Do outro lado, há Louise, que acaba de saber que está grávida,
e dá a notícia a Leo, seu marido, que recebe a novidade
com medo e apreensão, pois não acha que tem condições
(financeiras e psicológicas) de sustentar uma família. A
essas quatro pessoas, acresce o irmão de Louise, Louis, metido
com negócios sujos e amigos perigosos. Mas a tensão no filme
vem menos pela relação entre os personagens do que por uma
constante tela vermelha seguida de um heavy metal barulhento
que volta e meia insistem em nos lembrar que algo de muito assustador
vai acontecer.
O dispositivo de Bleeder
adjetivo dado a filmes que aparentemente têm como maior
interesse os assassinatos dos personagens é o suspense que
leva ao choque, o terror psicológico que conduz ao clímax.

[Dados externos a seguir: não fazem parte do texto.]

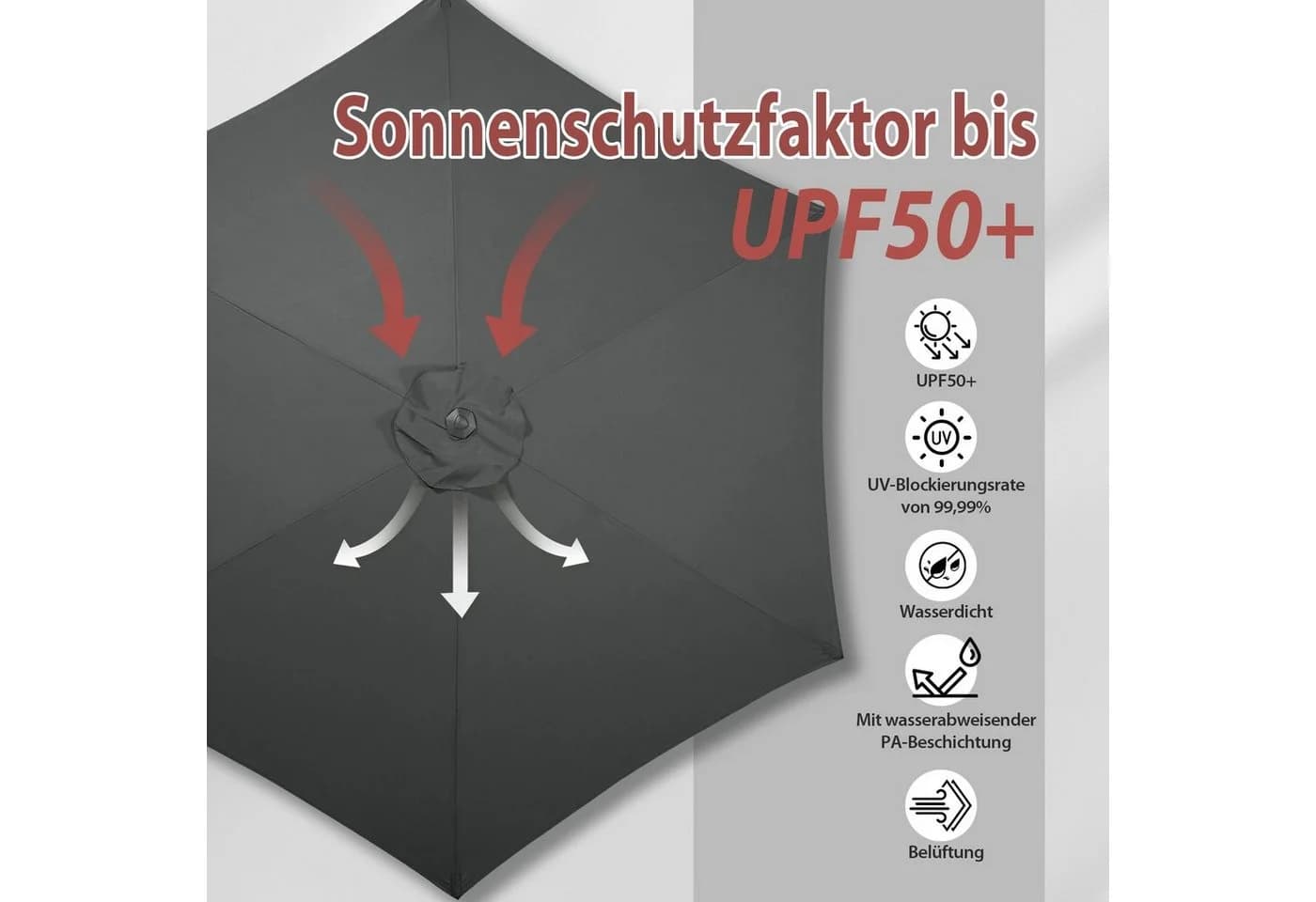 Sekey Sonnenschirm 220 cm Grau mit Kurbel und Auto-Kippfunktion - Bild 4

Dessa forma, fala-se muito em violência, vê-se o tempo todo
filmes de terror e ação Lenny afirma para Lea que
seu filme favorito é O Massacre da Serra Elétrica
, que criam o clima para a apreensão maior, que só
explodirá ao final do filme. Construído assim, o tema de
Bleeder não poderia ser outro que a relação
entre as imagens e a violência, ou seja, sobre a relação
de influência que o cinema pode ter sobre os atos de violência.
Ao final, Lenny, aquele que mais aparenta problemas derivados dos filmes
que assiste só sabe conversar sobre sangue e cinema, tem
problemas de relacionamento com todos, não consegue se comunicar
com a mulher que ama , não tomará nenhuma atitude
precipitada, ver-se-á que ele apenas tenta escapar como
Lea, com seus livros , do universo tedioso de subúrbio em
que vive. Ao passo que Leo e Louis, aparentemente de vida mais centrada,
vão destruir suas prórias vidas e as de seus próximos.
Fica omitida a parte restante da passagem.